# Blues Lovers in Burlington, Need Bass, Keys, Singer



## caaustin02 (Nov 1, 2007)

Hey all:

Guitarist and drummer (both 35 years old) are looking for bass, Keys and Singer for Blues band. Willing to play anything blues based, but not death metal, emo, nu-metal

Skill is not an issue at this point, the important thing is that everyone is easy going and easy to get along with. The future goal is to start playing out, but the reason for starting this project is to have to some fun playing some damn fine music.

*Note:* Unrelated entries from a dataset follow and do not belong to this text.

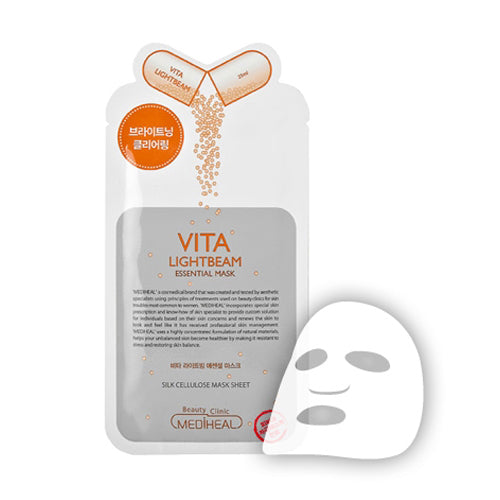 MEDIHEAL Vita Lightbeam Essential Masks 10 Sheets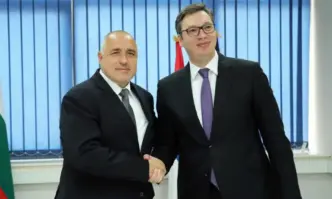Лидерът на ГЕРБ и бивш премиер Бойко Борисов поздрави Александър
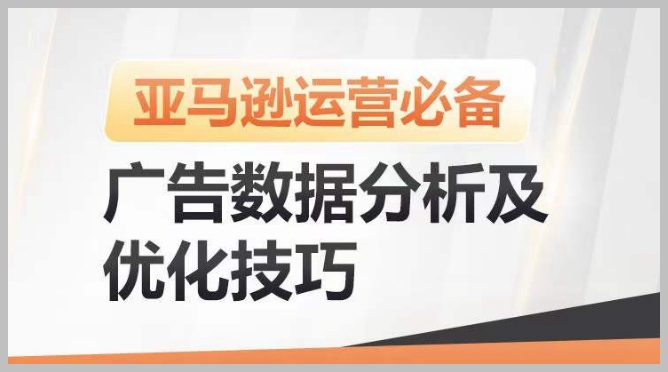提升亚马逊广告ROI：精确数据分析和优化方法，降低ACOS并推动销量增长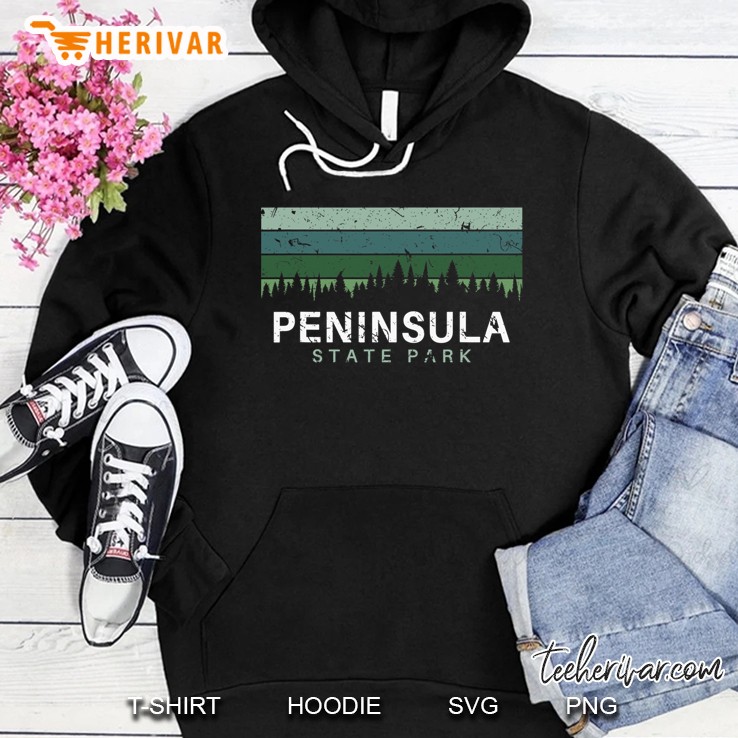 Peninsula State Park Wisconsin Gifts Wi Hoodie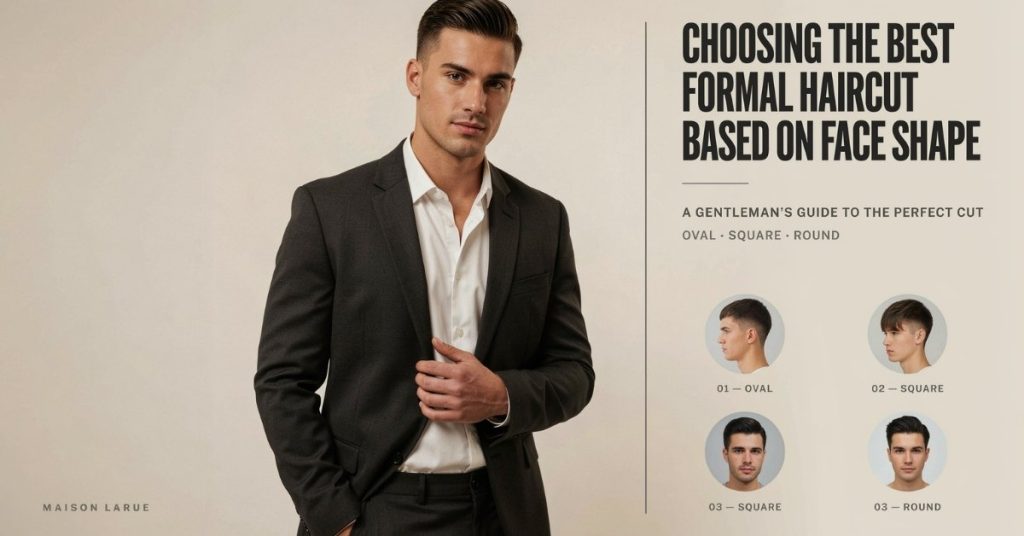 men's haircut for special occasions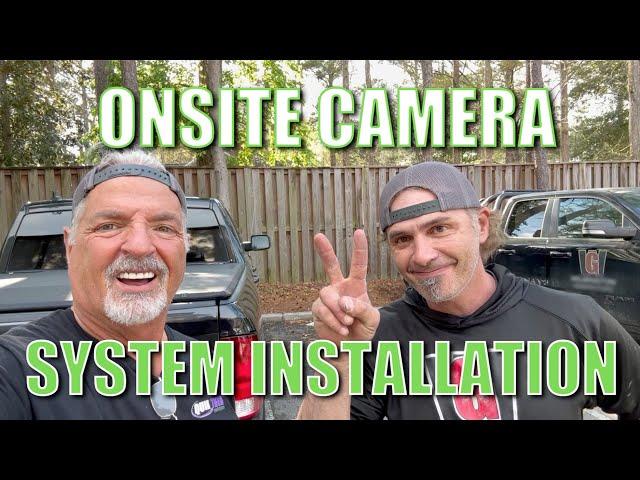 Lorex Camera System Customer Install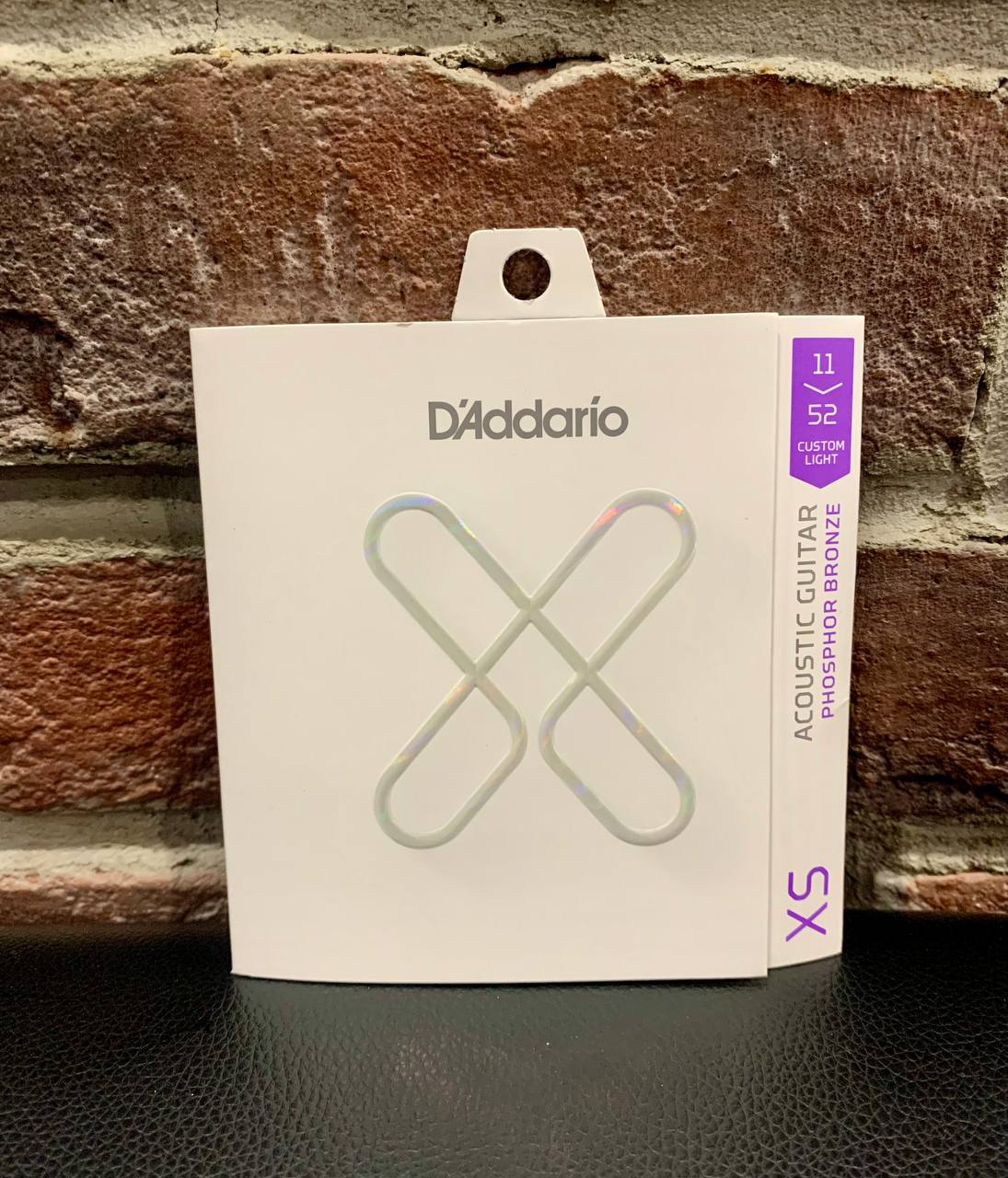 Струны для Акустической Гитары D'Addario XS 11-52 (USA)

Men, women of all ages welcome.


----------



## bagpipe (Sep 19, 2006)

caaustin02 said:


> Hey all:
> 
> Guitarist and drummer (both 35 years old) are looking for bass, Keys and Singer for Blues band. Willing to play anything blues based, but not death metal, emo, nu-metal


Would you be willing to compromise and play some Death blues ? :banana:






Just kidding. Good luck with the search.


----------



## a Pack of Wolves (Sep 5, 2007)

35, in hamilton and a singer!

lemme know


----------



## caaustin02 (Nov 1, 2007)

fire it up!

I'll send you a message with my email and phone number. Give me a couple of days because I start working in Burlington next Monday, so I have a lot of stuff to take care of. I say we all meet first for food/drinks, whatever - just informally, so we know where we all are.


----------